The more important conclusion for our purposes here is this: that even an ‘economic liberal’ government, as the Conservatives claimed to be, can still be frighteningly authoritarian when it comes to controlling the means through which the population think, i.e. education.*

What if – an opponent of Arts Council funding for comedy on anti-authoritarian grounds might argue – comics got lazy, became reliant on state funding like schools did, and then an authoritarian government like Thatcher’s decided to dictate what we could do jokes about, examined us on our laughs-per-minute and threatened to put us all out of work if we didn’t meet their ‘standards’? It’s a scary thought…(don’t worry, though – I don’t agree and there’s a rebuttal of this on the way).

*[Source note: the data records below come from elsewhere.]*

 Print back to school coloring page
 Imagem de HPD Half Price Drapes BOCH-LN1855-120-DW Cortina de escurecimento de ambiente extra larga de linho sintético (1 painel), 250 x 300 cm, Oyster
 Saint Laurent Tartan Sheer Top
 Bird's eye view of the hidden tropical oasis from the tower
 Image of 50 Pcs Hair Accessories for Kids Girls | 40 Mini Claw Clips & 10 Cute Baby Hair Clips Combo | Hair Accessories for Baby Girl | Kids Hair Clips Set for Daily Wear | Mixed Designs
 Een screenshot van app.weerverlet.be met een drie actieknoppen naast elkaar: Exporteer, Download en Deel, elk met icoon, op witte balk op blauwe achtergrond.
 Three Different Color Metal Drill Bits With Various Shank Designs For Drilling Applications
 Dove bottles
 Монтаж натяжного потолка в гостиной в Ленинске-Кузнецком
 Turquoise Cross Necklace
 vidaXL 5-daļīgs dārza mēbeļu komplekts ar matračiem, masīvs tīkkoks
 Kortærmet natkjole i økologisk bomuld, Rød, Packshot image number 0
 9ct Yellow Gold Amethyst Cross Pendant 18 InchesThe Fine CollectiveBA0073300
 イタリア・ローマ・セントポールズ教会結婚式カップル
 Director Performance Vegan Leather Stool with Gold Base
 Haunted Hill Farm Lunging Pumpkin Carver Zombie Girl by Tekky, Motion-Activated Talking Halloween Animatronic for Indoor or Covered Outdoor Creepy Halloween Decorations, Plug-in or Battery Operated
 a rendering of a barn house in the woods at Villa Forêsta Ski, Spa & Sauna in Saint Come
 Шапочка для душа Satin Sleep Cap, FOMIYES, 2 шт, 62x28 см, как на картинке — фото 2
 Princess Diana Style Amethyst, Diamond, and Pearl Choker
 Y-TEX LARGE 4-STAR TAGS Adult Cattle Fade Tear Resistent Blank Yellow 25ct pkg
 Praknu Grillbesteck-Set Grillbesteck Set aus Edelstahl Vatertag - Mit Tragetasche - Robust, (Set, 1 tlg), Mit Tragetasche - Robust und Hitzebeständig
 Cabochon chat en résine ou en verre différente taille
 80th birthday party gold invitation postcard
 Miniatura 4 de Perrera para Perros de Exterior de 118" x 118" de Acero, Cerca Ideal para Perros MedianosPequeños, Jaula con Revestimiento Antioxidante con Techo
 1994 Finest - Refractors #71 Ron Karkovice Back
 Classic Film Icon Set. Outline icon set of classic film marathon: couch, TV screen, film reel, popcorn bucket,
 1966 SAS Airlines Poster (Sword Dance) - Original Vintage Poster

The other event – the fall of the Berlin Wall – affected me differently. I didn’t quite understand what was happening at the time because I was nine; I just knew there were people whose government were keeping them behind some kind of big grey wall, away from some kind of ‘freedom’, whatever that meant, and that now the wall was coming down and people were laughing and dancing on it and smashing it up and I just remember the emotion of seeing that on the screen – all the joy and the pent-up anger and frustration – and it felt like something amazing was happening. I didn’t realise just how amazing until much later; I don’t think the full depth of it even hit me until I saw Das Leben Der Anderen (which, if you haven’t seen, you have to drop everything and go to the video shop/itunes/whatever and get it right away, you really do have absolutely nothing better to do). This too, in even more extreme ways, was a government determined to control the way its population think…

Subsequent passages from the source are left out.